Check out this link: Yosemite camping There's alot of good information in there. I believe we camped in Lower Pines before. This is in the valley floor.

Hope this helps!


----------



## California Jim (Dec 11, 2003)

We camped there last June but stayed at the 1000 trails preserve 5 miles outside the park. Was kind of the best of two worlds - full hook-ups & only minutes from the park. Although the 1000 trails preserve is a member only campground they do have sites available across the street for anyone to use. You may also be able to walk in to the campgropund and use the facilities as well. They have a large lodge with amenities for kids, seperate adult area, satelite TV, nice lake to fish or rent paddle boats, etc...

Here is their link:
Yosemite Lakes

I also have a few pictures from this trip in the member gallery.

From what we saw while in the park most or all of the sites are dry camping, and perhaps had water. Expect the campgrounds to be crowded and busy. But hey, you'll be out seeing the sites during the day so no biggie.

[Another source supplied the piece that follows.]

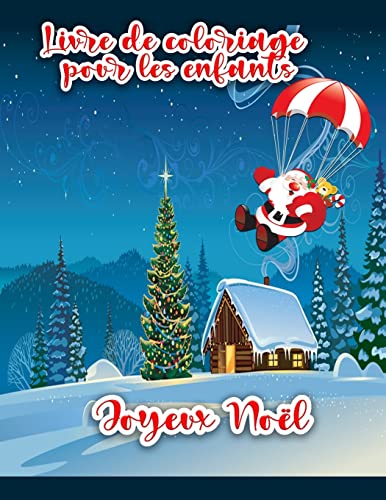 Livre De Coloriage De Noël Pour Les Enfants : Pages À Colorier De Noël Comprenant Le Père Noël, Le Bonhomme De Neige, Les Arbres De Noël Et Les Ornements Pour Tous Les Enfants.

We absolutely loved Yosemite and will go back again soon.


----------



## kjp1969 (Apr 25, 2004)

joshfrantz said:


> In trying to set up a spring trip to Yosemite I am finding out that it seems the park is not very "trailer friendly". Has anyone taken their trailer in or around Yosemite and have any suggestions. Those places that I did find had lots of size and slides restrictions.
> [snapback]20907[/snapback]​


We're going in early June- we've camped there before, but never in our Outback. I don't forsee any problems trailering there though- the park is lousy with RV's and trailers. Most of the sites are plenty big for even the bigger Outbacks.

Kevin P.


----------



## joshfrantz (Nov 30, 2004)

*"I don't forsee any problems trailering there though- the park is lousy with RV's and trailers."*

Kevin - Is the park "lousy" or did you maybe mean busy? Kinda makes a difference....


----------



## kjp1969 (Apr 25, 2004)

joshfrantz said:


> *"I don't forsee any problems trailering there though- the park is lousy with RV's and trailers."*
> 
> Kevin - Is the park "lousy" or did you maybe mean busy? Kinda makes a difference....
> 
> ...


Ah, yes, that was a misplaced expression. The park is great, but you can't swing a dead cat without hitting an RV or trailer. Lord knows that I've tried!









Kevin P.


----------



## Herbicidal (Aug 29, 2003)

kjp1969 said:


> joshfrantz said:
> 
> 
> > *"I don't forsee any problems trailering there though- the park is lousy with RV's and trailers."*
> ...


If you can manage to go during the week it is much less crowded. The campgrounds may still be full, but the day-trippers primarily come to the park on the weekends.


----------



## joshfrantz (Nov 30, 2004)

Great advice! I will use it. Thank you so much.


----------